All employees become recruiters
To roll out the agilisation of work to recruiting ultimately means that teams recruit their candidates themselves. In fact, the first companies are now placing this task in the hands of development or creative teams. However, it should not be forgotten to equip these teams with the necessary knowledge. This is an important new role for HR.
Recruiting is like Sales
In an employee market it is important to sell the company, its values and culture. This has not always been HR’s core competence. Get the appropriate sales know-how into the recruiting department. For example, train your recruiters with internal sales colleagues in conversation skills, acquisition techniques or objection handling.
Fruit and water are no benefits
The current “GenY-Barometer” of the job market Absolventa shows: Further training, a modern workplace or a company mobile phone are now a matter of course and no longer a differentiation factor. Today, creativity and individuality are in demand when it comes to additional services. They should suit the employee and his or her life situation as well as his or her own brand.
Active Sourcing cannibalizes itself
Social networks have resulted in hordes of external or internal recruiters sending impersonal mass messages to potential candidates via Xing or LinkedIn in recent years. The result: The first high potentials sign off here again. Reason: Spam. A good example of how promising channels destroy themselves because digital recruiting is correctly thought of, but not implemented from the candidate’s point of view.

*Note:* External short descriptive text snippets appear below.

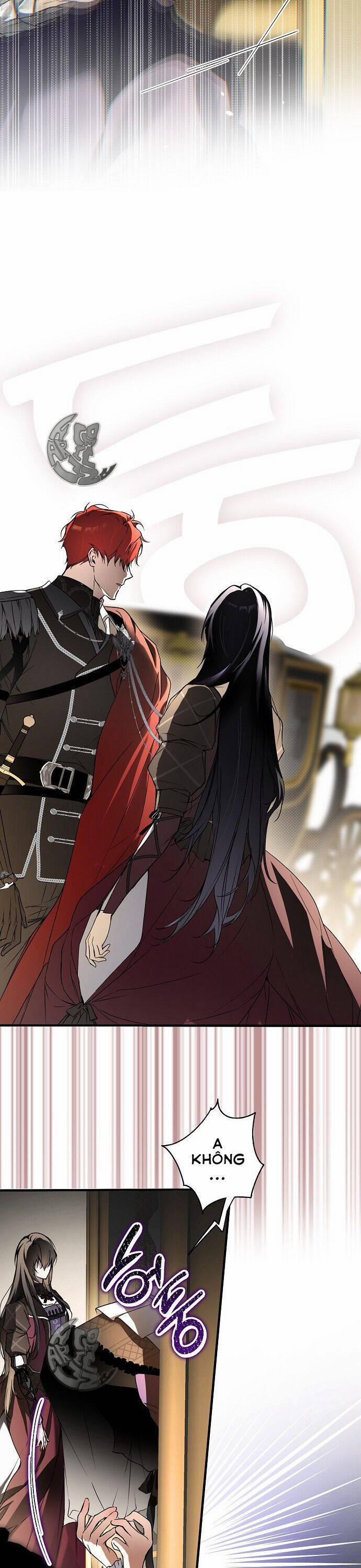 Ai Đó Đang Điều Khiển Cơ Thể Của Tôi 8 trang 9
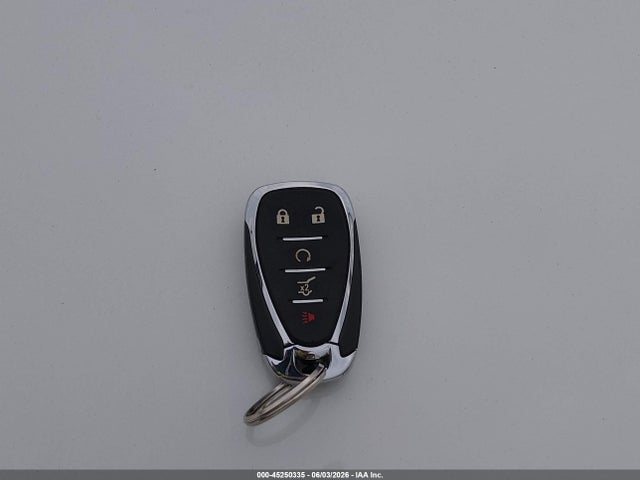 Aukcja sprzedaży 2021 Chevrolet Equinox Awd Lt, vin: 3GNAXUEV9ML325175, numer aukcji: 45250335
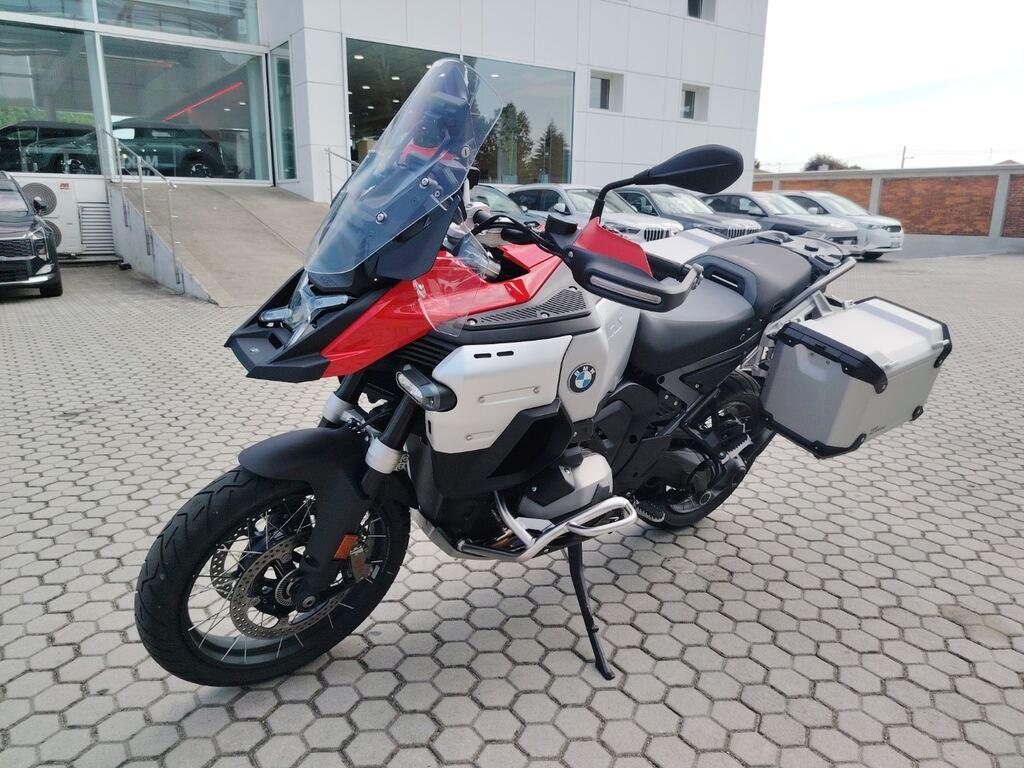 R 1300 GS ADVENTURE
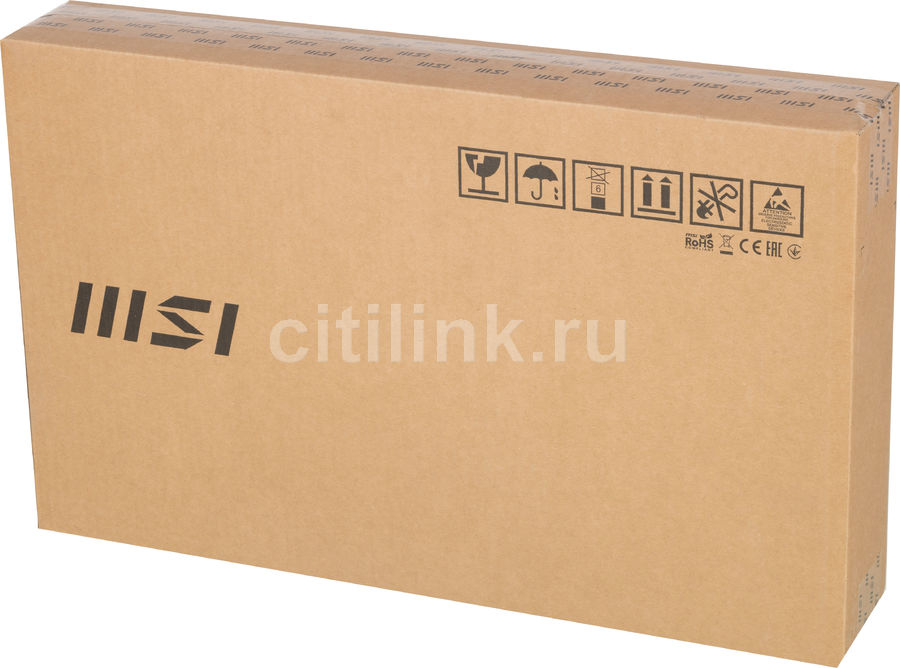 Ноутбук Msi Modern 14 B4mw 417xru Купить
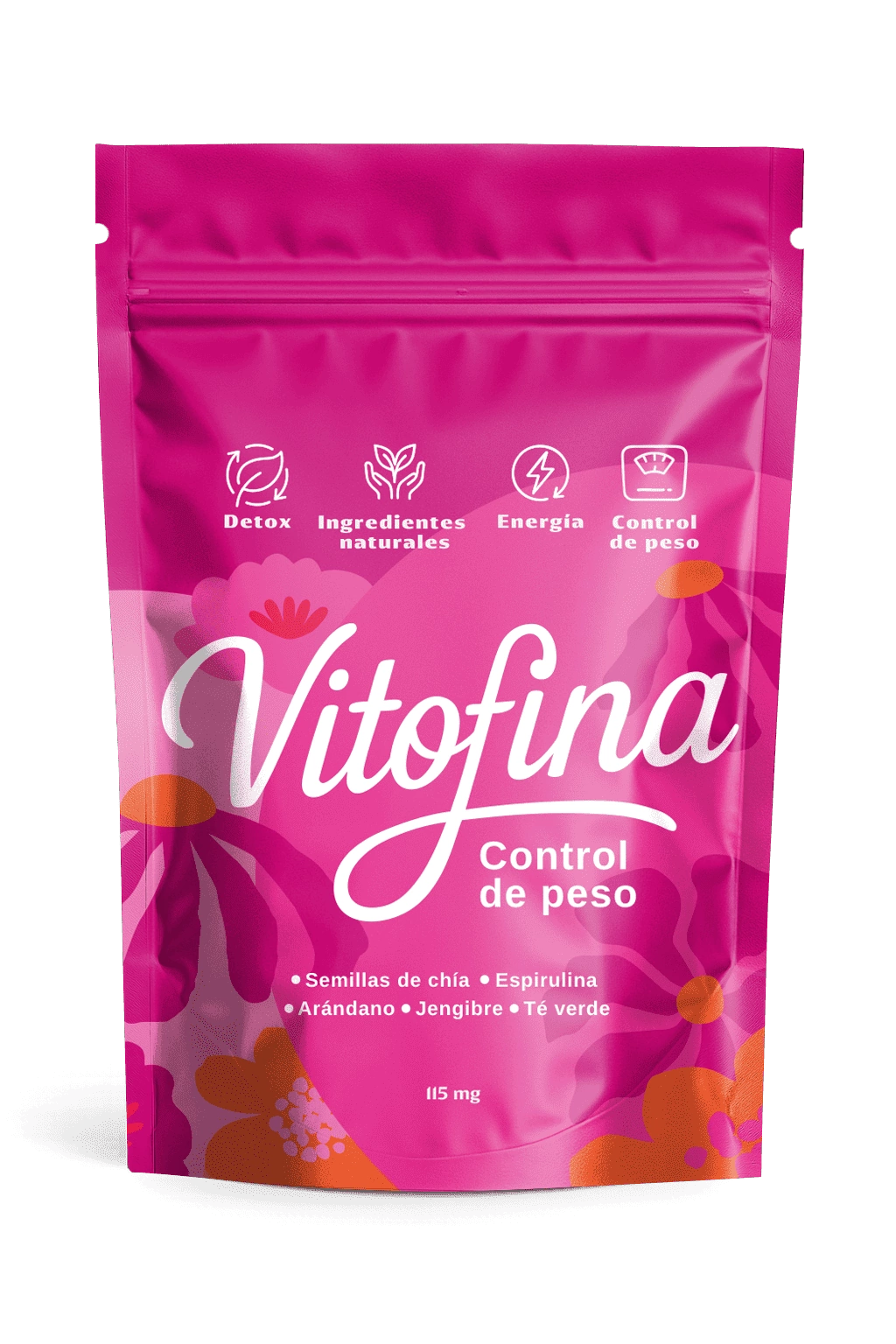 Vitofina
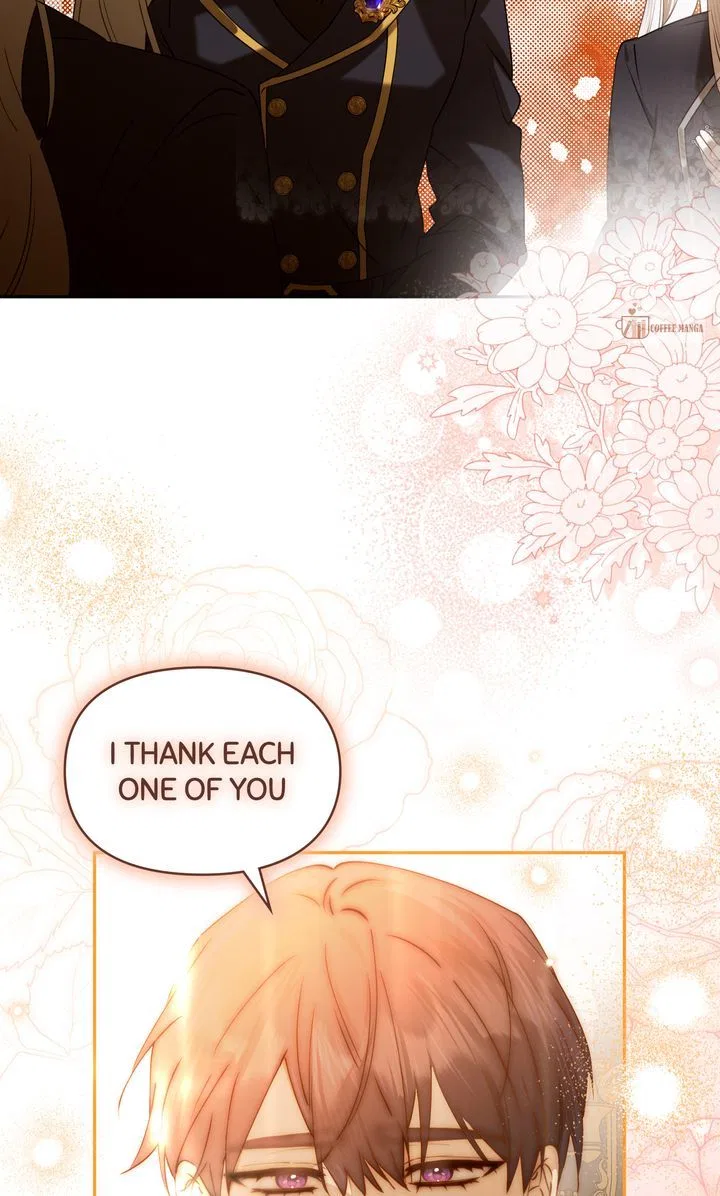 Protecting the Witch’s Son Chapter 82 – Page 36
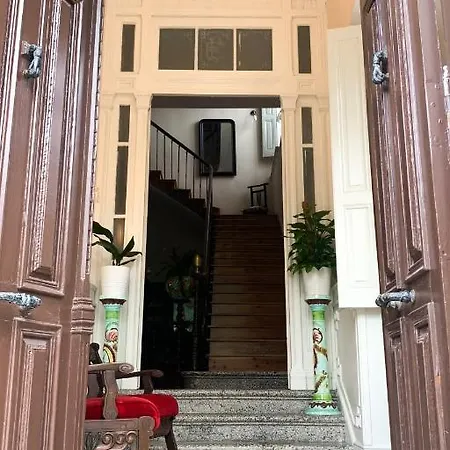 La Venta De Miyares - Casa De Indianos * Pilona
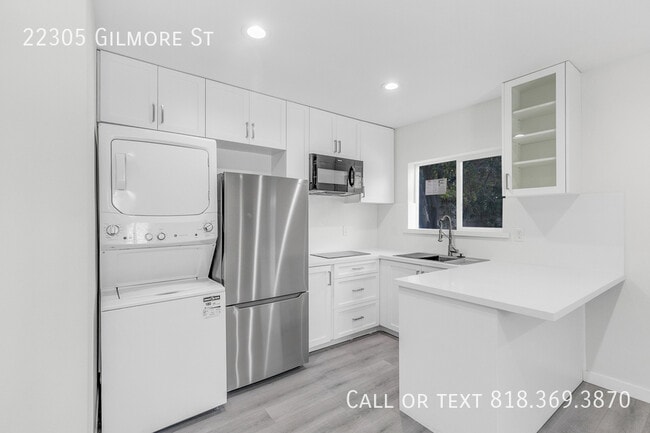 Building Photo - 22305 Gilmore St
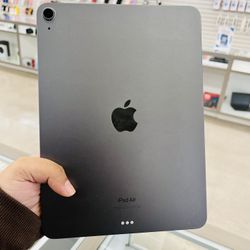 iPad Air 5th Gen 256gb 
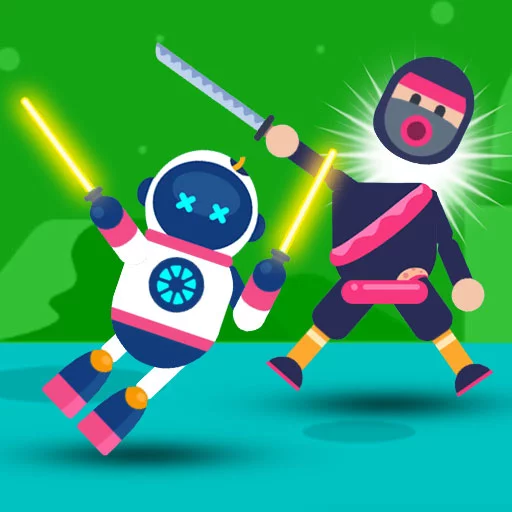 poster of Play Ragdoll 2 Player Game Online 2024 game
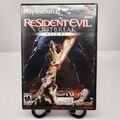 Resident Evil: Outbreak File #2 (Sony PlayStation 2, PS2 2005)  Missing Manual 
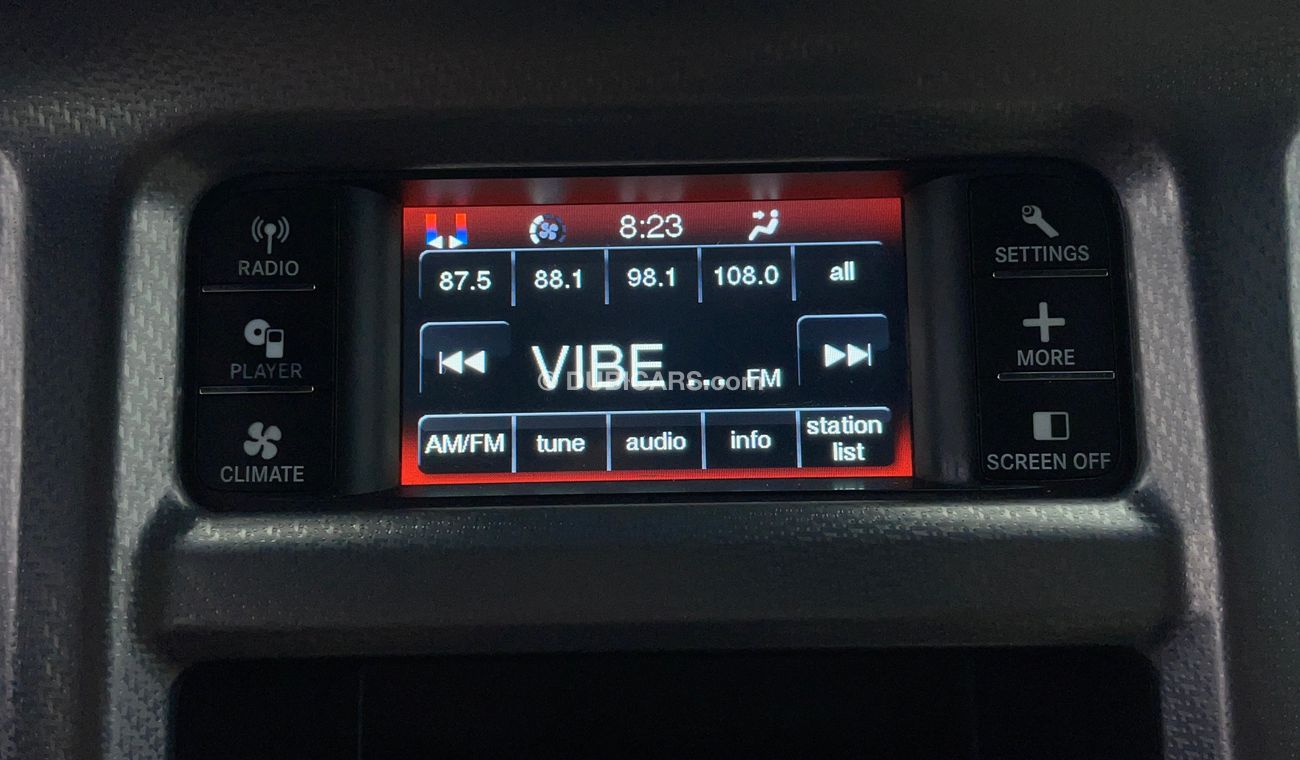 Dodge Charger SE 3.6 | Zero Down Payment | Free Home Test Drive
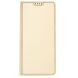 Чохол-книжка DUX DUCIS Skin Pro для Xiaomi Poco X5 / Redmi Note 12 5G - Gold (320400F). Фото 4 з 15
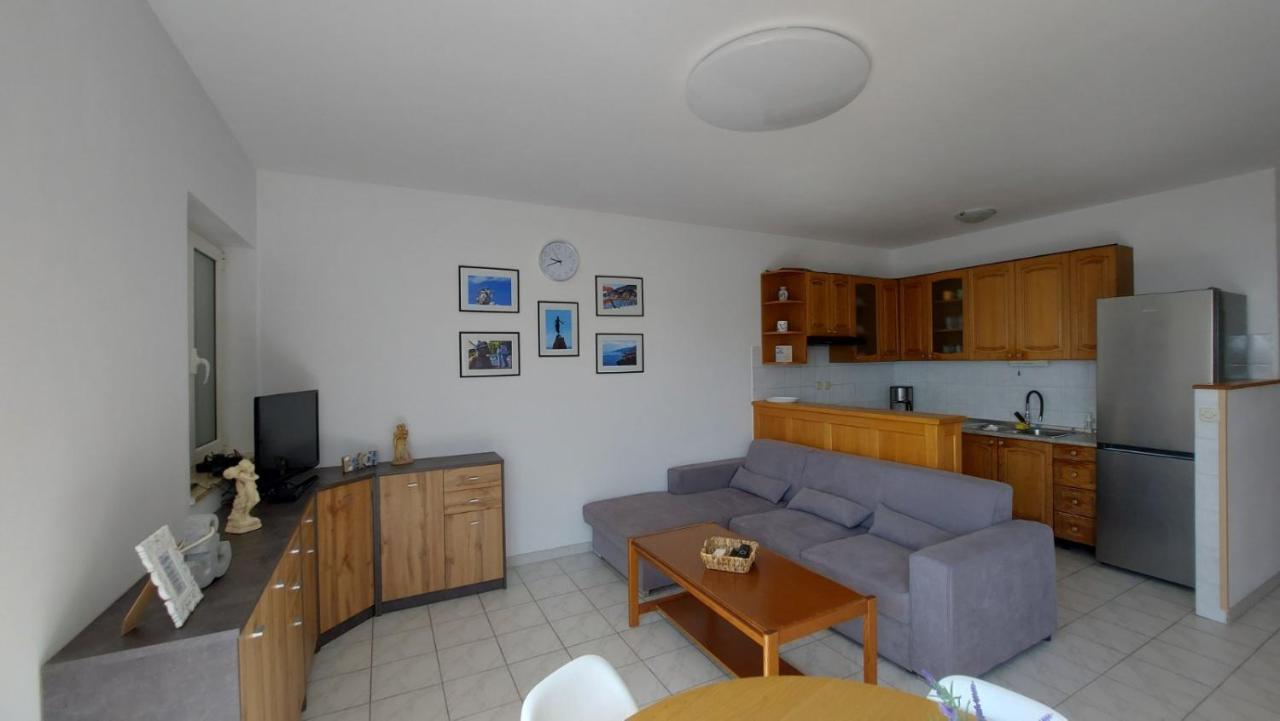 Apartment Mira Opatija Ngoại thất bức ảnh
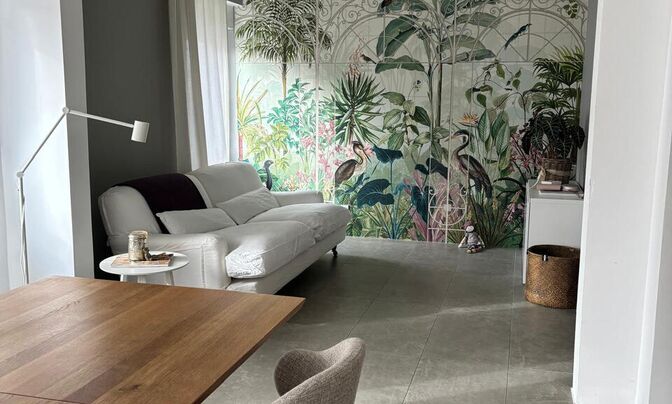 Apartment, 3 rooms, Bezigrad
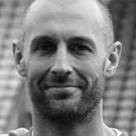 Gareth Holsgrove
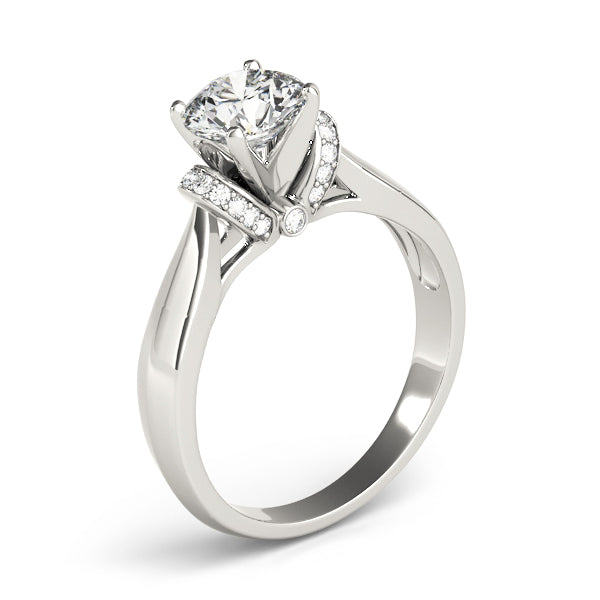 Engagement Ring M84295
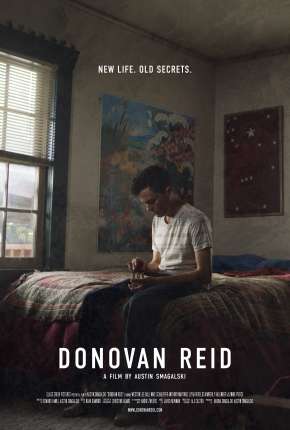 Filme Donovan Reid - Legendado 2019 Torrent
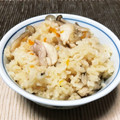 おじ☆さん's cooksnap of when they made 香る！炊き込みだしごはん 鶏きのこ.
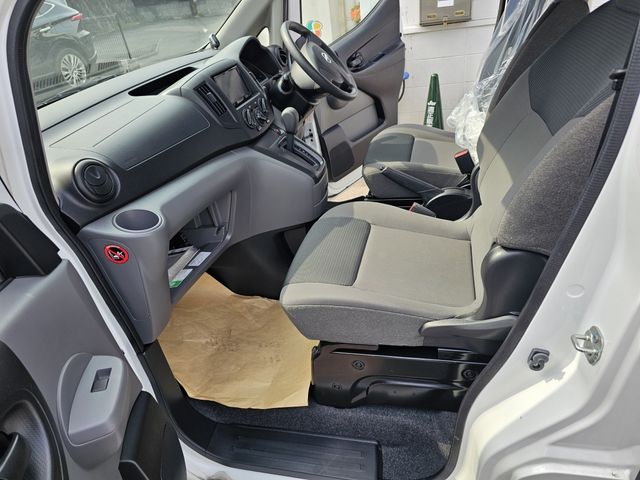 NISSAN NV200 VANETTE VAN 2019 Image 31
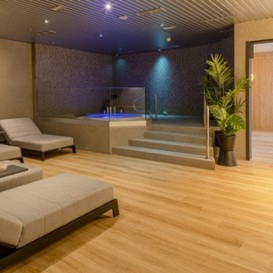 Regalo de Spa privado y masaje en Spa In Radisson Blu Resort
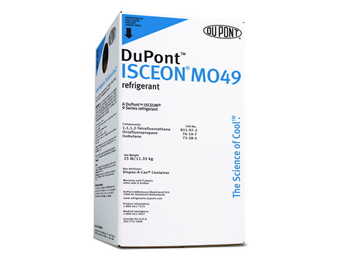 MO49 R-413A DUPONT-ISCEON DACS(13.40 KG)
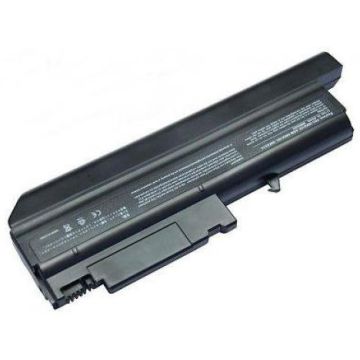 92P1061 - IBM Lenovo 9-Cell 10.8V 6600mAh Battery for ThinkPad R50 R51 R52 T40 T41 T42 T43
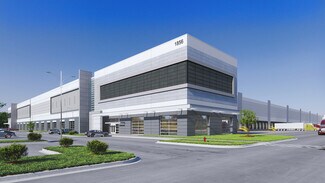 Plus de détails pour 000 Green Island Rd, Napa, CA - Industriel/Logistique à louer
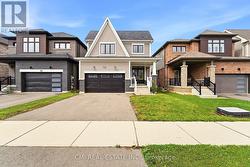 65 LILLIAN WAY  Haldimand, ON N3W 0E7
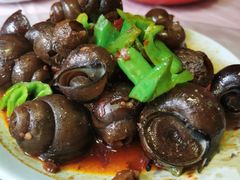 -高淳老街土菜馆(迎薰门店)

Old-school headhunters are dying species
The pure candidate placement of the old school on a commission basis will be the first to fall victim to digitisation. If the market is empty but the candidates don’t want to change, a headhunter won’t be able to offer these candidates. Digitalisation is characterised in all sectors n above all by taking the middle man out of the game and directly depicting mediation online. Uber or AirBnB are good examples of this. And in recruiting, the recruiter is the eliminated middle man.